Open Banking vs Traditional Banking
In essence, while traditional banking provides a stable foundation for financial services. Meanwhile,open banking emerges a dynamic, technology-driven approach. There are many differences between open and traditional banking. Let’s take a look at them in more detail to understand where open banking exceed legacy institutions.
Open Banking enhances financial inclusion by leveraging technology to reach underserved or unbanked populations, offering them access to financial services. Meanwhile, traditional banking has historically struggled to extend services to less accessible areas.
Accessibility and Convenience
Traditional banking often relies on physical branches for service delivery. Open banking provides improved accessibility and convenience, enabling customers to access services remotely, often via mobile devices.
Lower Costs and Fees
Open banking promotes lower costs and fees due to increased efficiency within the ecosystem. Higher fees and costs may be imposed by traditional banking services due to the overhead of maintaining physical branches.
Alll the data that’s shared across developers in open banking allows the creation of highly personalised products.

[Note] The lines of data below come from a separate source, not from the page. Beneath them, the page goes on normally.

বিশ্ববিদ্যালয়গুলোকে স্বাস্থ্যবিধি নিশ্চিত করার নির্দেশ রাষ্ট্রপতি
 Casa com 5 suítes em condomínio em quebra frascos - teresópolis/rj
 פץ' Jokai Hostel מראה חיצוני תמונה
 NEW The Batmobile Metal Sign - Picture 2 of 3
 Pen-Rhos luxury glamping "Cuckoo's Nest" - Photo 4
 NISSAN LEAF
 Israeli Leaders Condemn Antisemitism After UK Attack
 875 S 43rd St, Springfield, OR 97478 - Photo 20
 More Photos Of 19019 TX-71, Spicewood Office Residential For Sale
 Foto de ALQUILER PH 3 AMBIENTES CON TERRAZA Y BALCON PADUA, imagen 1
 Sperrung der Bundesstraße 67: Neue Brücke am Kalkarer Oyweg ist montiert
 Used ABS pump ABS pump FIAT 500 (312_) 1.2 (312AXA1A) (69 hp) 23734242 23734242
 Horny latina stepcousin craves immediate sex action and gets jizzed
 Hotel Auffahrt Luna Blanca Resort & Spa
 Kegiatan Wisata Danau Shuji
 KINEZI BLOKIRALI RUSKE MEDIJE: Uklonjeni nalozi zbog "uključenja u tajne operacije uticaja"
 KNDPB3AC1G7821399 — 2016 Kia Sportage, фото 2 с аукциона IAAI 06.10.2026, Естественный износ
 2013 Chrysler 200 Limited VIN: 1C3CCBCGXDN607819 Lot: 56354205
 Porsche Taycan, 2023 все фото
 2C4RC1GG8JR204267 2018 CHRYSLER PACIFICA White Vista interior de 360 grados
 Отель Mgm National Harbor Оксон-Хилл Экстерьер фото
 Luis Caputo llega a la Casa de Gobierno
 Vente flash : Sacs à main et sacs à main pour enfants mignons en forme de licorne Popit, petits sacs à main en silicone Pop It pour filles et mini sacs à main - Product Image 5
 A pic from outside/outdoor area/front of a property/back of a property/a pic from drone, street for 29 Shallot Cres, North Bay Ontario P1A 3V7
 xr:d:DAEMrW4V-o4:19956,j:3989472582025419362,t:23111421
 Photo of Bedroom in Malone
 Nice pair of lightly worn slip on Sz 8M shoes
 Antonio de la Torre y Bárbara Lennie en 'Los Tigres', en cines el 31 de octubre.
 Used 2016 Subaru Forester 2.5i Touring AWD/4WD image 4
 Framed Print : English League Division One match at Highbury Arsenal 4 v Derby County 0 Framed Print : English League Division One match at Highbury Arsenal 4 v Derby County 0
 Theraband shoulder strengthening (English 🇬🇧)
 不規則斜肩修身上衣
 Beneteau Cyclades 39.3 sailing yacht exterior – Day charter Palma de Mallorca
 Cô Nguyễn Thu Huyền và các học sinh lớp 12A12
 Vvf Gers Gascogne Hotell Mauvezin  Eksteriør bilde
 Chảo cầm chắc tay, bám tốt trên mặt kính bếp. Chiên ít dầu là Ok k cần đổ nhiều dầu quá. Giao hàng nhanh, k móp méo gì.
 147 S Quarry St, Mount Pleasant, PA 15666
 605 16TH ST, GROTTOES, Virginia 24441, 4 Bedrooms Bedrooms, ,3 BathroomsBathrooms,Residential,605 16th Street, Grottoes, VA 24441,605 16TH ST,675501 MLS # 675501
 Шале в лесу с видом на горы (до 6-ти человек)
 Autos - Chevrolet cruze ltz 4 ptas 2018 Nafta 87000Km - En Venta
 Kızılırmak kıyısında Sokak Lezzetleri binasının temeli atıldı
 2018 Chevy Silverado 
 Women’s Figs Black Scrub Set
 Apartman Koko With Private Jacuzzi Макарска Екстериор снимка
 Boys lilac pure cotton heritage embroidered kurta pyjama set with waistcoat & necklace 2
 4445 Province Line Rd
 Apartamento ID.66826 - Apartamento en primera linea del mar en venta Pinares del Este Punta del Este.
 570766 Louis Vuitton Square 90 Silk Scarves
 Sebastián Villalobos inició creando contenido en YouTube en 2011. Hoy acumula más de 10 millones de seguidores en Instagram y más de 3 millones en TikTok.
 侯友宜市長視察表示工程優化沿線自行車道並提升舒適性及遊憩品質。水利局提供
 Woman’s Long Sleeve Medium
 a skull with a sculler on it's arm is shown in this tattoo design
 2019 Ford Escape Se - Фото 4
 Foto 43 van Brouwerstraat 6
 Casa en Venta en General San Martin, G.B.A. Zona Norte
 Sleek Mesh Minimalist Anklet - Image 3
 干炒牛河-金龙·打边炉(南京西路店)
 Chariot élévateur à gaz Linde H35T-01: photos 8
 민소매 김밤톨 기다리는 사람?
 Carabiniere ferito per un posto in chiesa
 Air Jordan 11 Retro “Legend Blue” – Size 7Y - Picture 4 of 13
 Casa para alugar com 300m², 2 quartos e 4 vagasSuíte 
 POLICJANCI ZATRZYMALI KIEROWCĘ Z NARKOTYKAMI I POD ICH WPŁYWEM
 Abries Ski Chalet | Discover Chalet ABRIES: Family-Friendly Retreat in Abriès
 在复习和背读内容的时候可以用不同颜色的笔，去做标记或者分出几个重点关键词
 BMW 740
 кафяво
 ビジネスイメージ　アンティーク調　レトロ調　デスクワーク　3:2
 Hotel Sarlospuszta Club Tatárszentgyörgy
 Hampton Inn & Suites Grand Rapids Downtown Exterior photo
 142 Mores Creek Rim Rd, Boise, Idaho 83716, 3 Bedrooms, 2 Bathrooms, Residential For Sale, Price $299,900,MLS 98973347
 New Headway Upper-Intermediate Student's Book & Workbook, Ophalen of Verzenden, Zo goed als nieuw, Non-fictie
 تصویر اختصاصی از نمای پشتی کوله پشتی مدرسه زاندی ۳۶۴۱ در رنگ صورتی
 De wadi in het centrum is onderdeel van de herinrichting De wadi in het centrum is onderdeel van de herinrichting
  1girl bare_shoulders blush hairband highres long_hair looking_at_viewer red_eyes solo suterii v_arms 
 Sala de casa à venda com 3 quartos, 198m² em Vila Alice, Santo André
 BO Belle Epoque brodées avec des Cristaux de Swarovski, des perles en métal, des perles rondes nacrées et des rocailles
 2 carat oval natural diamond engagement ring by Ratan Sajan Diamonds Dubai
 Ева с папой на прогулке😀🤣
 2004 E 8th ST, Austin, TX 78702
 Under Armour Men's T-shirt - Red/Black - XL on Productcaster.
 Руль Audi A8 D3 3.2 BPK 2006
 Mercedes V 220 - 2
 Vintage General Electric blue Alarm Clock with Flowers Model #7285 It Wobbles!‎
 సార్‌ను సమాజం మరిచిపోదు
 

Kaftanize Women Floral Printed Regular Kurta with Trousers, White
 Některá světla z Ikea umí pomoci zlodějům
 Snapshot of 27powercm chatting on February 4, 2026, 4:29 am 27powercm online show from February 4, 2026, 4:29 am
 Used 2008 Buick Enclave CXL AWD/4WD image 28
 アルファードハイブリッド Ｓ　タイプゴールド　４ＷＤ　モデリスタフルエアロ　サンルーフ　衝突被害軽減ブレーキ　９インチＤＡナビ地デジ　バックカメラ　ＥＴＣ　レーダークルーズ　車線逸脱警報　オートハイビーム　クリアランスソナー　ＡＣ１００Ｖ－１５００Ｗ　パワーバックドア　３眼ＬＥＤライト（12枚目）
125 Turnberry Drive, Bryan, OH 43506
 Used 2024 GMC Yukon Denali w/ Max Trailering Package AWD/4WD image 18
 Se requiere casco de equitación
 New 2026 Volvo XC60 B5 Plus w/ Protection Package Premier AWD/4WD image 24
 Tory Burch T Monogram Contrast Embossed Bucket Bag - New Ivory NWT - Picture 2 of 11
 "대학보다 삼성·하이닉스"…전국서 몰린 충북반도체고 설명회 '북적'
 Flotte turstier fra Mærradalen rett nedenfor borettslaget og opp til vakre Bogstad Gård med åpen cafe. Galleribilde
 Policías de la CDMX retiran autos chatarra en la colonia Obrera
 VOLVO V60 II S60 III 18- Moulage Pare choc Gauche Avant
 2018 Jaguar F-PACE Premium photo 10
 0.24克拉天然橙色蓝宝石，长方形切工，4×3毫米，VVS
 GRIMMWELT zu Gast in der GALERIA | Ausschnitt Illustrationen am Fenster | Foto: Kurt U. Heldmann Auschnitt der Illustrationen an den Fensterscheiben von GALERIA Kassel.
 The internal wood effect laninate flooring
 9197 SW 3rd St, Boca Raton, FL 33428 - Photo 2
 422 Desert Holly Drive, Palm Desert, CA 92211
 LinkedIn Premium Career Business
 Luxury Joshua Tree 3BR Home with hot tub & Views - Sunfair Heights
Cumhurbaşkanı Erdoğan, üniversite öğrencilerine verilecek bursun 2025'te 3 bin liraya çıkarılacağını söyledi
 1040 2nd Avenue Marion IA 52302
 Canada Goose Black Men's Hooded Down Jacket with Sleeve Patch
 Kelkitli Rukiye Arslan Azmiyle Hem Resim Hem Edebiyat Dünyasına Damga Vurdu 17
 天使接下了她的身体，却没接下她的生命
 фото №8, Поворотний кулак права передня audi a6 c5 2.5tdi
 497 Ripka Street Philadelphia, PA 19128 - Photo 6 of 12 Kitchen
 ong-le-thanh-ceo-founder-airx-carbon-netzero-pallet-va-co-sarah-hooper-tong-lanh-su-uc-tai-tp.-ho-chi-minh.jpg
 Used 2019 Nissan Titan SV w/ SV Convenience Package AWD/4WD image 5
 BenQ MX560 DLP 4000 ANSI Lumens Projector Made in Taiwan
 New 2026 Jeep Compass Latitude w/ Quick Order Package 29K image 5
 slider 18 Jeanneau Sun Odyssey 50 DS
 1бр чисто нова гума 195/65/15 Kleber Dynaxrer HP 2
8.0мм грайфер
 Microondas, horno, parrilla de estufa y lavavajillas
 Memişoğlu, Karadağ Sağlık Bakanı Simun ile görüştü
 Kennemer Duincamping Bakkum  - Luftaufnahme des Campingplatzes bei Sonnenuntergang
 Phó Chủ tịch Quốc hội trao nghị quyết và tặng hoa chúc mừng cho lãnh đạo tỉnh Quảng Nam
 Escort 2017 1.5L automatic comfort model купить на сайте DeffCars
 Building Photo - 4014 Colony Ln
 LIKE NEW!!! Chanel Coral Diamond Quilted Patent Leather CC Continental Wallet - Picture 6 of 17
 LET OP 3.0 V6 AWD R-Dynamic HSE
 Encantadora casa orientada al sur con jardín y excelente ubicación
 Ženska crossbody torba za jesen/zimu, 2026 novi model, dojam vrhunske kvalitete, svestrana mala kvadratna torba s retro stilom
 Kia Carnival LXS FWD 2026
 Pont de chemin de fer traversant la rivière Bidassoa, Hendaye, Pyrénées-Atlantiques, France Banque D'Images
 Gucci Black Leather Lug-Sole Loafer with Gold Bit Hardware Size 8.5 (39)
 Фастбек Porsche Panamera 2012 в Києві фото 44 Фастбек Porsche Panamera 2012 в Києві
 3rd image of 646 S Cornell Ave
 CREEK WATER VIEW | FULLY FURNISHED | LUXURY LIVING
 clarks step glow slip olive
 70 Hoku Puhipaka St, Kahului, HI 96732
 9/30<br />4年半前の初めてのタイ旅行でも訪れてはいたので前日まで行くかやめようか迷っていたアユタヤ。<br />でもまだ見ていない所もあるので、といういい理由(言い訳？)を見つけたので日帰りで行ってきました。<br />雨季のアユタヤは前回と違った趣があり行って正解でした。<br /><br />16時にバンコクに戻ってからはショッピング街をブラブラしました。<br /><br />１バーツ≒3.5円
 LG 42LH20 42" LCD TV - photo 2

This is a massive benefit for consumers. For example, open banking allowed the development of state-of-the-art budgeting apps.
Open banking offers an enhanced customer experience by providing a range of services through a single interface, simplifying interactions. In traditional banking, on the other hand, customers may face a fragmented service experience, needing to interact with multiple entities for different services.
Third-party providers have more data and flexibility to develop new tools in open banking, which fosters innovation. Meanwhile, in traditional banking innovation is often slower. The legacy systems and corporate structures may constrain the development of new products.
Open banking operates within an evolving regulatory framework. In Europe, the new directive PSD3 will be finalised in 2024. Adapting to new regulations may require additional efforts from providers. Traditional banking, on the other hand, functions under established regulatory frameworks.
From Open Banking to Open Finance
Consumer interest open banking is expected to surge in the next decade. According to Juniper Research, the total value of open banking transactions will increase from $57bn in 2023 to an impressive $330bn by 2027 —a staggering growth rate of 479%.
Open finance is an emerging term in the industry. It’s the next step of open banking, which would require all financial institutions to share customer data with licensed fintech companies.Open finance, while still in progress, is poised to foster a more competitive environment and personalised products.
For consumers, this means a better overview and management of their finances, as open finance offers insights across a broader spectrum of their financial life. Open finance can significantly improve financial planning and decision-making for consumers by providing more detailed and personalised information.
For businesses, it means more untapped opportunities and less reliance on legacy systems. Traditional banks would need to seriously adapt in this future.